Bu herif de harbi malmış anasını satıyım, lan köpeğe durduk yerde elektrik verirsen tabi ölür olum. Yani bu elektriğin kötü birşey olduğunu mu kanıtladı şimdi? Al aynı köpeğin ağzına yarım kilo petrol koy, bak o zaman ölüyor mü ölmüyor mu. Veya tost makinesinin içine elini sok ve bi 60 saniye beklet, bakalım yanıyor mu elin. Lan icat edilen her alete böyle muamele yaparsak, bugüne kadarki her alet zararlı anasını satıyım.
Bu Edison mal diyorum, inanmıyorsunuz..


Tesla' nın dehasını gören zengin bir şirket sahibi onu işe almış ve birlikte Chicago Dünya Fuarı' nın aydınlatılması ihalesini Edison' un elinden çekip almışlar. Tabi bizim Edison, kuyruğu koparılmış bir dana misali oraya buraya saldırmaya başlamış, kıçıkırık sevgilisi tarafından ihanete uğramış bir erkek misali, kendini küçük düşmüş hissetmiş.

George Westinghouse

Fuarda kendi ampullerinin kullanılmasına izin vermemiş Edison beklediğiniz üzere, bunun üzerine psikopatlık derecesinde master yapmış olan Tesla abimiz de kendi ampulünü yapmış, ve  ''aaalll anasını satıyım, seninki de ampül mü lan gavaattt nihahaha :)) ''  niteliğinde bir cevap vermiş olmuş.  (vermiş olmuş ne ya)


İnsanı kendi oyunuyla yenmek gibisi yoktur canlar.


Ve şuan evlerimizde kullandığımız ampuller ve florasanlar yine Tesla' nındır, yine Tesla' nındır.


Ve sonra,
nedendir bilinmez bu Westinghouse Şirketi batıvermiş..

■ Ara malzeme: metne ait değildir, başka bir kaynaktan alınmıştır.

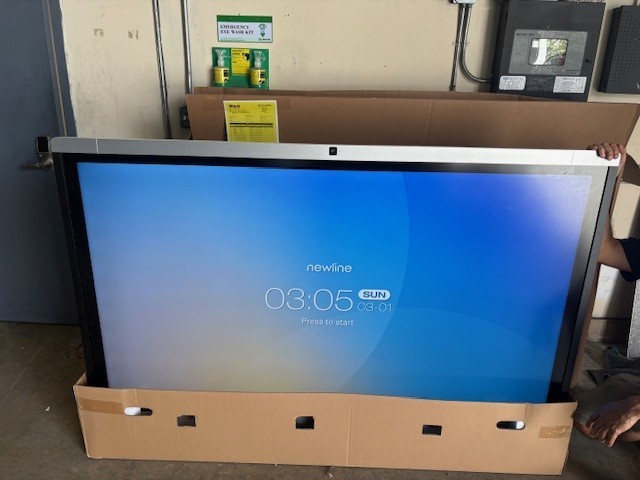 Newline 75" Touch Screen Display Unified Collaboration System TRUTOUCH X8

Tesla, kendisi için ayrılan kar payı anlaşmasını, şirketin tamamen yok olmaması için yırtıp atmış. Yani, yine onlarca buluş, onlarca icat, insan hayatına onlarca katkı, fakat sahip olduğu hiçbir maddi varlık yok. Bir şeyleri daha iyi yapabilmek adına, her seferinde önüne serilen milyonları elinin tersiyle itmiş bir adam.


''Para, insanların kendine biçtiği kıymete haiz değildir. Benim bütün param deneylere yatırılmıştır. Bunlarla yeni keşiflerde bulunup, insanoğlunun yaşamını biraz daha kolaylaştırmasını sağlıyorum.''  Nikola Tesla.


Adam, adamın dibi hacı.

Bazen keşke para yapabilen elektrikli bir alet de yapsaymış diyorum.

''Nikola Tesla Elektrikli Merkez Bankası''       Not : Parayı eldivensiz tutmayın.

Hehehe.

Eğer Prestij filmini izlediyseniz  (ki süper filmdir kesinlikle tavsiye ederim) , Tesla 'nın Edison'un adamlarından kaçtığını görürsünüz. Zira zavallı herif bi yandan bilim yapmaya çalışıyor, diğer yandan da bu gavatın adamlarından kıçını kurtarmaya çalışıyor. Keşke kıç kurtarıcı bir alet falan da yapsaymış diyorum bazen. Ama sonra  ''tamam''  diyorum kendime hehehe.

Prestij'deki Tesla

Edison 'un zaten bir mason olduğunu söylememe gerek yoktur di mi?  Masonluğun vermiş olduğu güçle de ülkedeki tüm bilimsel çalışmaları denetliyor adam. Kendi icatlarının tekrar rafa kaldırılmasını istemiyor anlayacağın.

Bilimsel diktatorya.

Tesla hayatını ve deneylerini tüm bunlardan kaçarak sürdürüyor. Ve icatlarına bir bak ;
  • Alternatif akım
  • Uzaktan Radyo Kontrolü
  • Yüksek Frekans Öncülüğü
  • Dünya Çapında Telsiz
  • Dünyanın En Güçlü Vericisi
  • İyonosfer Deneyleri
  • Radyo
  • Radyo Frekans Alternatörü
  • Işınlanma
  • Uzaktan Kumanda
  • Yapay Deprem Projectörü
  • Elektriksiz Enerji

Tabi bunlar sadece benim aklıma gelenler. Ama radyo projesinin üzerine Marconi diye kılkuyruk bir herif atlıyor ve patenti alıyor. Tesla' nın icat ettiği radyo, bugün Marconi tarafından icat edilmiştir diye geçer kitaplarda falan, bok yesin onlar.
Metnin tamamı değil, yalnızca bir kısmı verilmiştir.